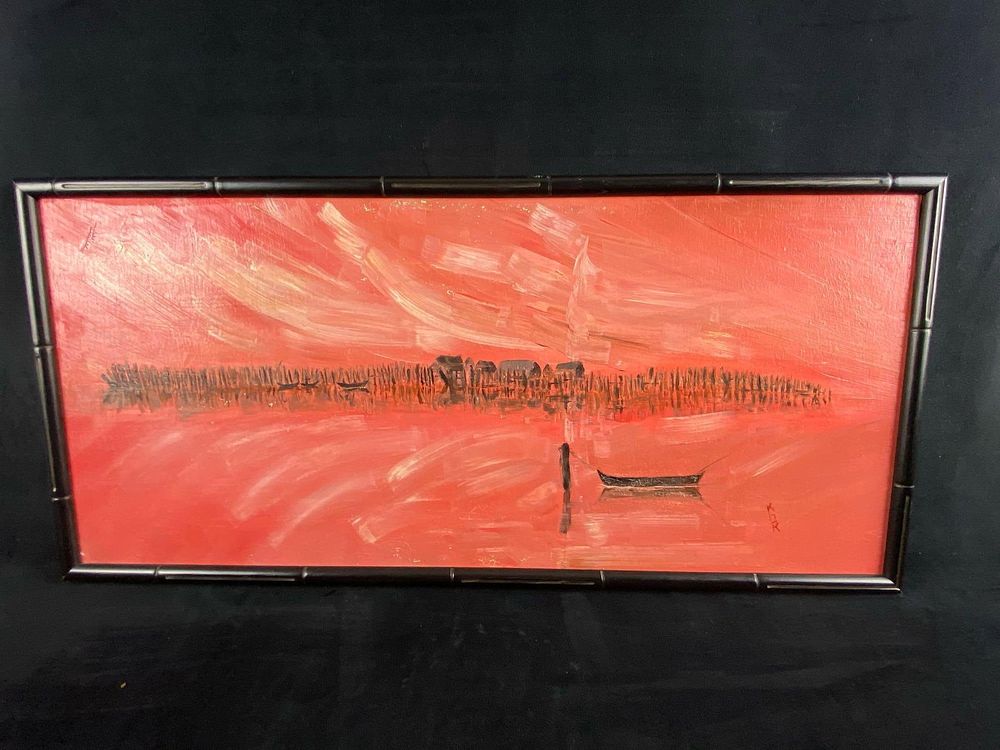 Lot 422: Vintage Signed KOK Oil On Canvas Textured Fishing Village Painting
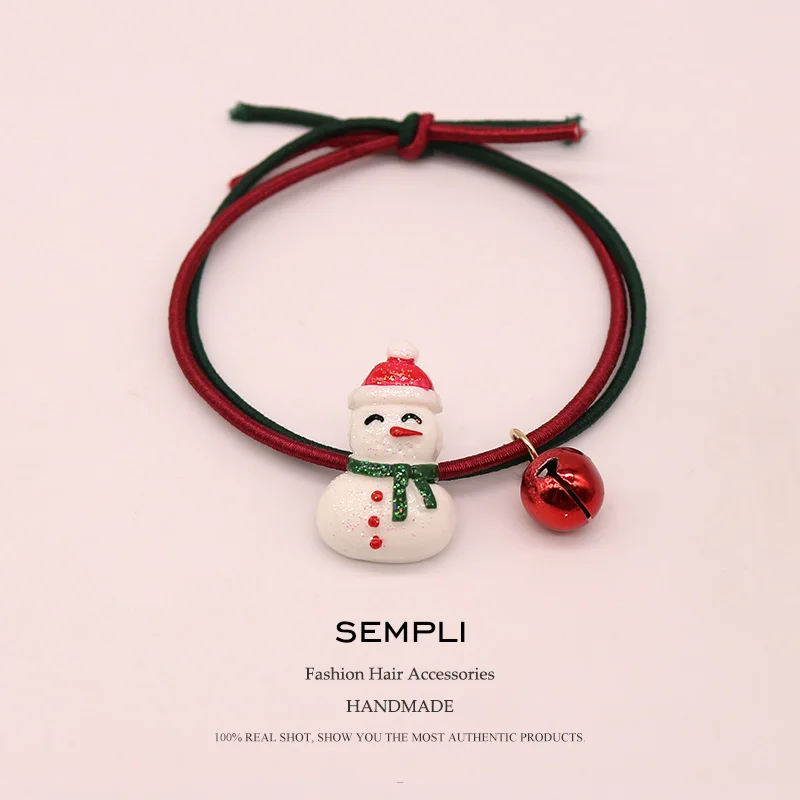 Snowman Sempli, 22 вида, высокие нейлоновые резинки, рождественский сезон, колокольчик, эластичные резинки для волос, для женщин, девочек, Санта Клаус, Рождественская елка, головные уборы - Цвет: Snowman
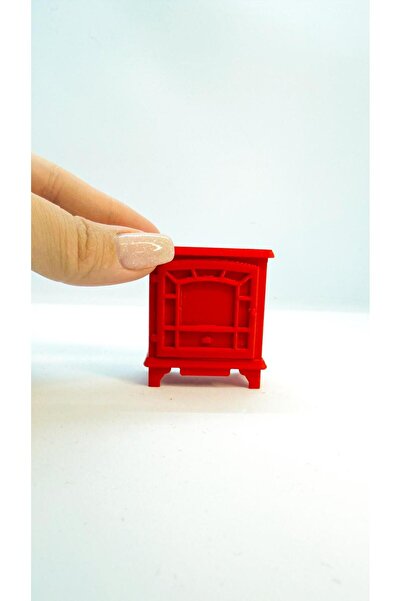 troyaart3d Minyatür Kırmızı Soba – Dekoratif Mini Şömine Bebek Evi (5 cm)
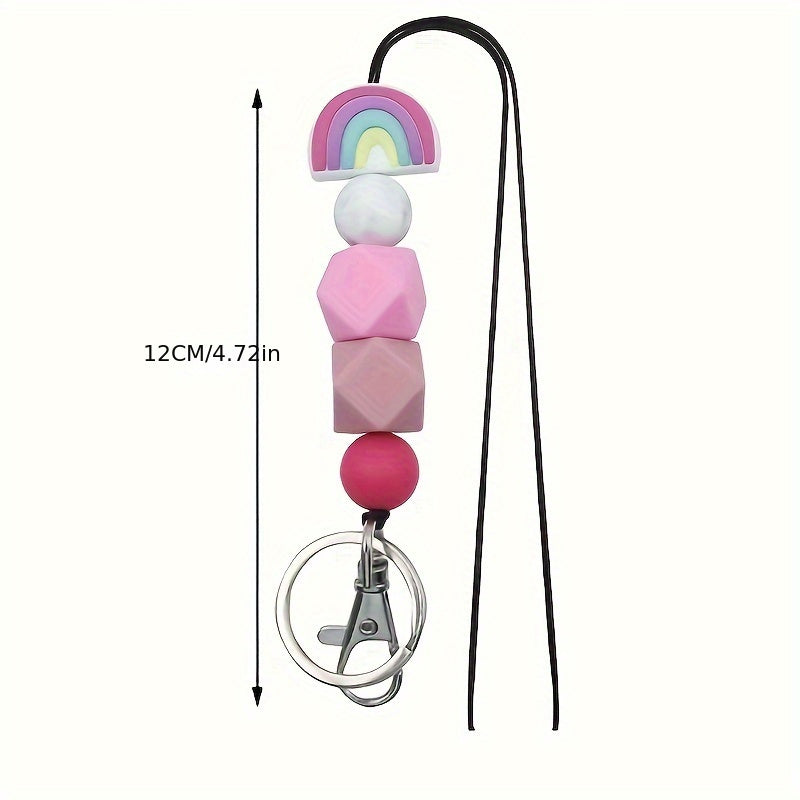 Hemasa 1pc Silicone Beaded Lanyard Keychain Badge Lanyard Key Ring Long Necklace Phone Chain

Work task: The output has to match the data above line for line, except that pictures are dropped.

Result of the exercise:
 Lot 422: Vintage Signed KOK Oil On Canvas Textured Fishing Village Painting
 Snowman Sempli, 22 вида, высокие нейлоновые резинки, рождественский сезон, колокольчик, эластичные резинки для волос, для женщин, девочек, Санта Клаус, Рождественская елка, головные уборы - Цвет: Snowman
 troyaart3d Minyatür Kırmızı Soba – Dekoratif Mini Şömine Bebek Evi (5 cm)
 Hemasa 1pc Silicone Beaded Lanyard Keychain Badge Lanyard Key Ring Long Necklace Phone Chain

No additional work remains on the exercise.